The company, controlled by members of New Mexico’s Yates family, has solicited bids in recent days from some of the world’s biggest oil companies, said the people, who spoke on condition of anonymity because the matter is private. The company is working with JPMorgan Chase & Co., the people said.
Yates’s finances aren’t public, making it difficult for outsiders to estimate how much the company might be worth. Oil & Gas Financial Journal estimated in 2009 that Artesia, New Mexico-based Yates was the fourth-largest private oil and natural-gas company in the U.S., producing the equivalent of 8.77 million barrels of oil.
A sale may be the largest of a family-owned oil company since a KKR & Co.-led group bought Samson Investment Co. for $7.2 billion last year. Two different arms of Tulsa, Oklahoma-based Samson, owned by the Schusterman family, were ranked third and fifth on Oil & Gas Financial Journal’s list, with a total of 22 million barrels of production.
The Yates family is seeking to complete a transaction before the end of the year, when the U.S. income tax rate on capital gains is due to increase, the people said. Members have also discussed selling shares to the public, the people said.
James Lucas, a spokesman for Yates Petroleum, said the company doesn’t comment on speculation. Tasha Pelio, a spokeswoman for JPMorgan, declined to comment.
Yates may be seeking to benefit from growing interest among major oil companies in the Permian Basin, an oil-rich stretch of west Texas and southern New Mexico, which had its first oil boom almost a century ago. It’s the most active drilling area in the U.S., according to Bloomberg Industries.
“When you look for potential opportunities in adding and growing a resource base, the Permian Basin is clearly one that stands out,” Scott Hanold, an analyst at RBC Capital Markets LLC in Minneapolis, said in a telephone interview today. “The advent of some of the new horizontal technology is just starting to take hold in the Permian.”
Chevron Corp., Royal Dutch Shell Plc, and Apache Corp. have all agreed to major acquisitions in the Permian Basin since the start of 2010. That year, Concho Resources Inc. bought the assets of Yates’ crosstown rival, closely held Marbob Energy Corp., for $1.65 billion.
Wildcatter Martin Yates Jr. pioneered oil and gas exploration in New Mexico in the 1920s, when, according to family lore, his wife’s intuition directed him to the location of his first successful well. His grandchildren are now involved in the business.

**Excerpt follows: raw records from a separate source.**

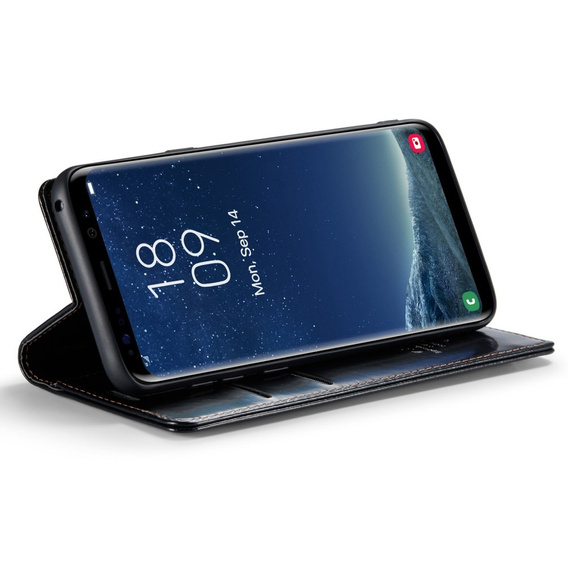 θήκη CASEME για Samsung Galaxy S8, Waxy Textured, μαύρη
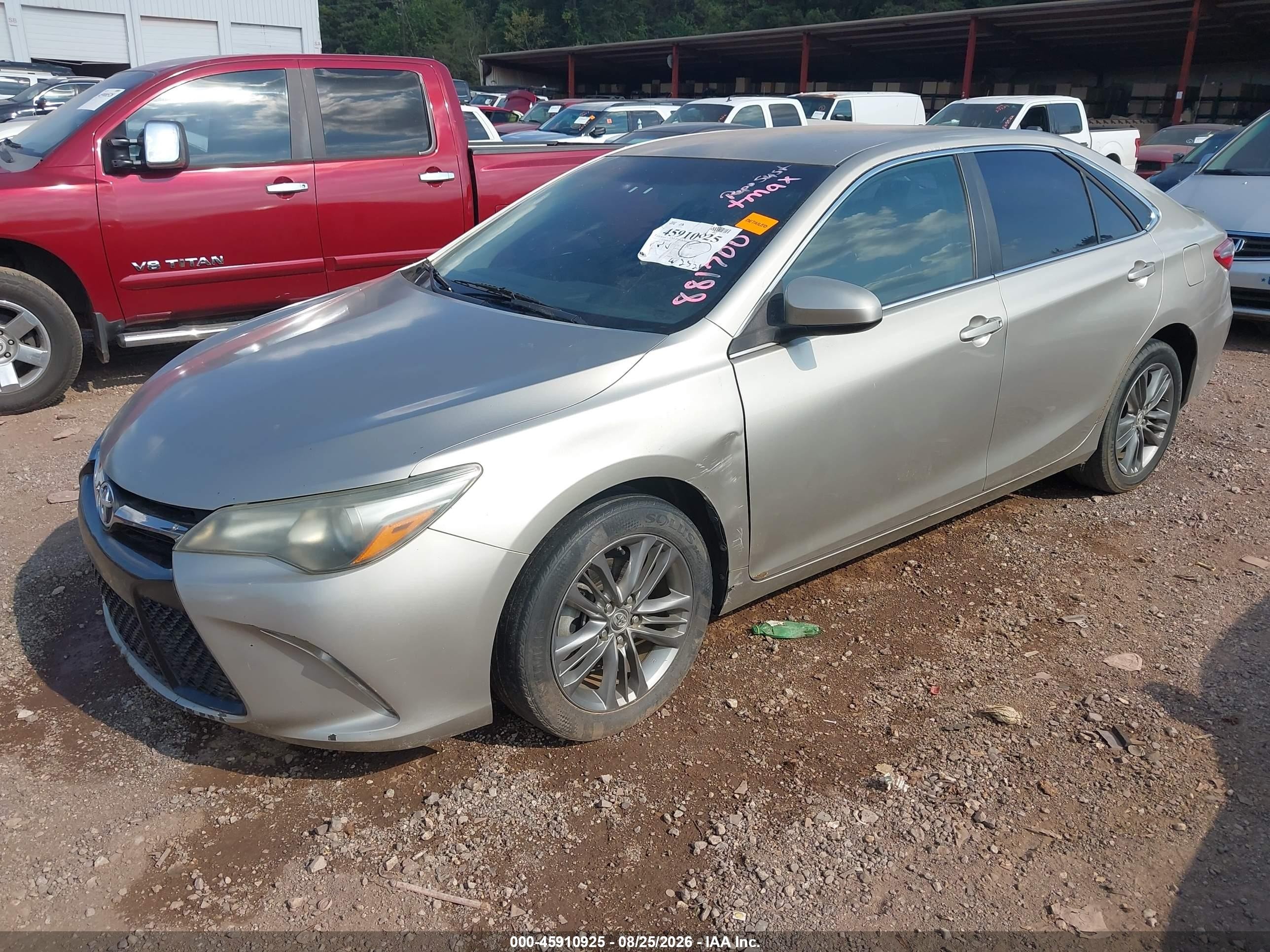 2015 Toyota Camry Se Black vin: 4T1BF1FKXFU881700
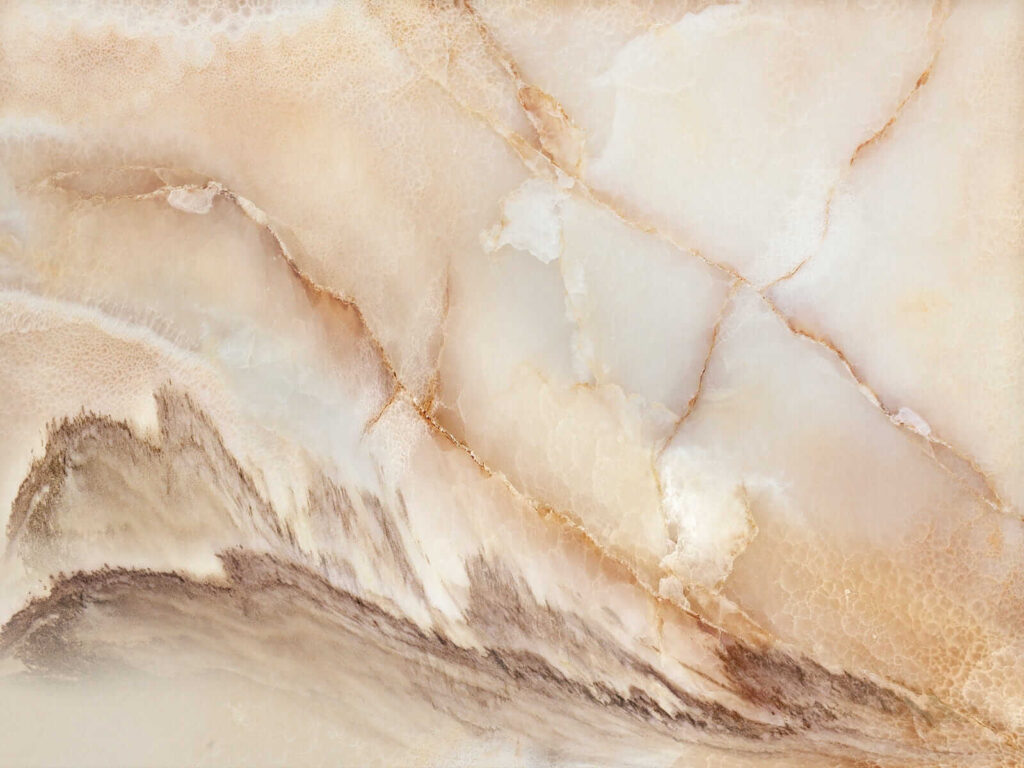 Natural stone with soft, flowing patterns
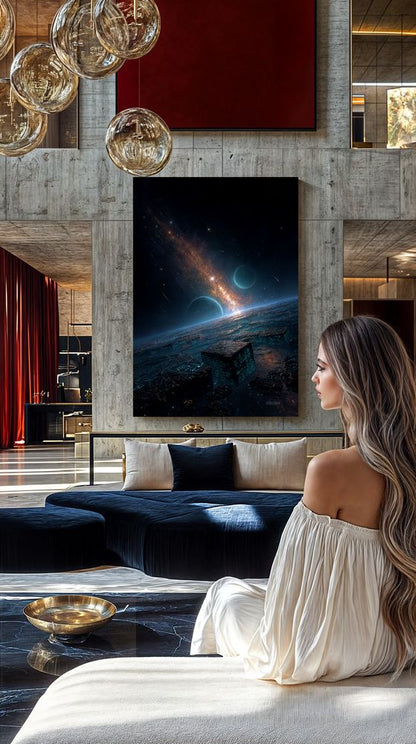 Art Print SpaAIce - Protocol: Core Breach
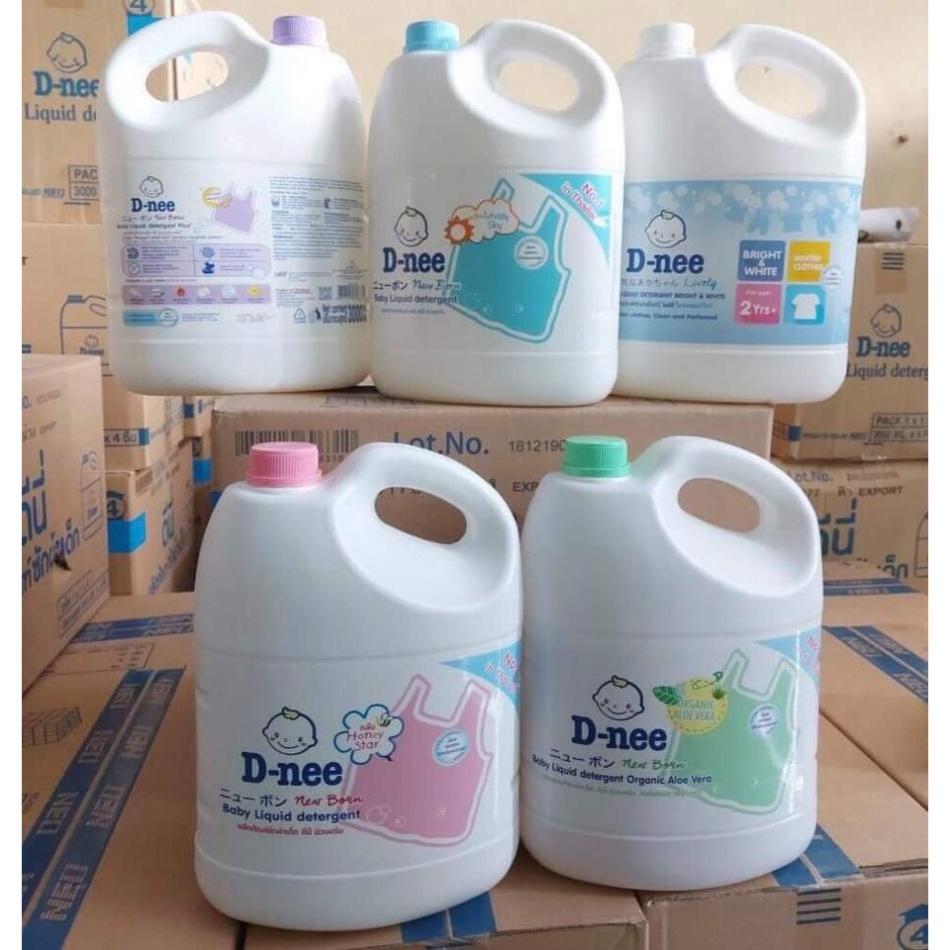 Nước Giặt Dnee Thái Lan 3000ml hàng chính hãng an toàn cho bé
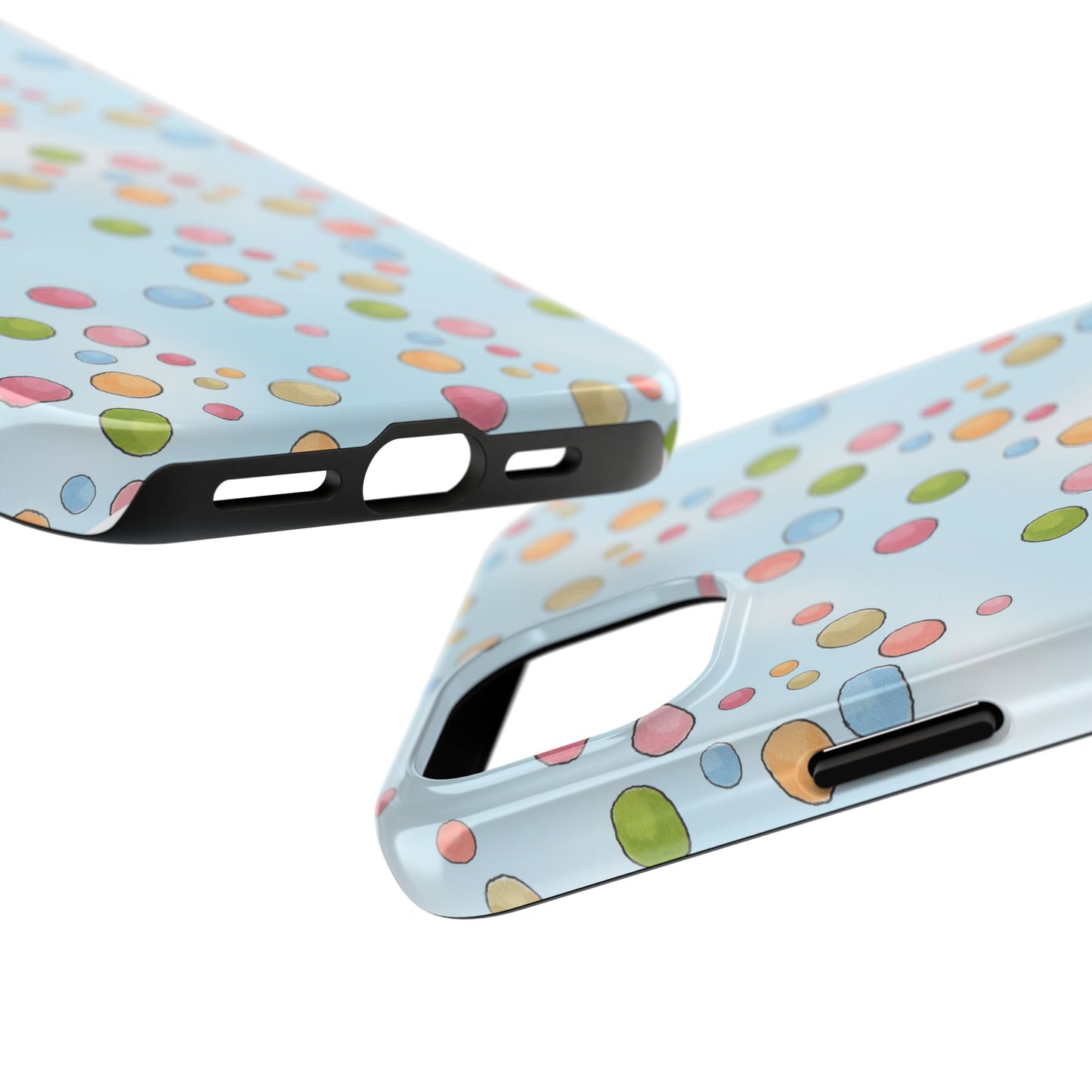 Clown Dots Blue Sky Phone Case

Different branches of the family control affiliated oil and gas companies, adding to the complexity of a potential sale, the people said. As many as 20 different Yates companies, backed by different family members, sometimes compete against each other for projects, the New York Times reported in 2004.
Yates was the largest holder of leases to drill for oil and gas on U.S. government land, according to a 2004 report by Environmental Working Group, a Washington-based organization that is critical of the government’s leasing policies. The company operates in 13 states, with most of its production in New Mexico and Wyoming, according to a 2009 statement by one of Yates’ technology vendors.
One related company, Yates Drilling Co., was sold to Occidental Petroleum Corp. in 2010, the New Mexico Business Weekly reported that year, citing sources including an executive at another local oil company. Neither Yates Drilling nor Occidental confirmed the sale to the Business Weekly.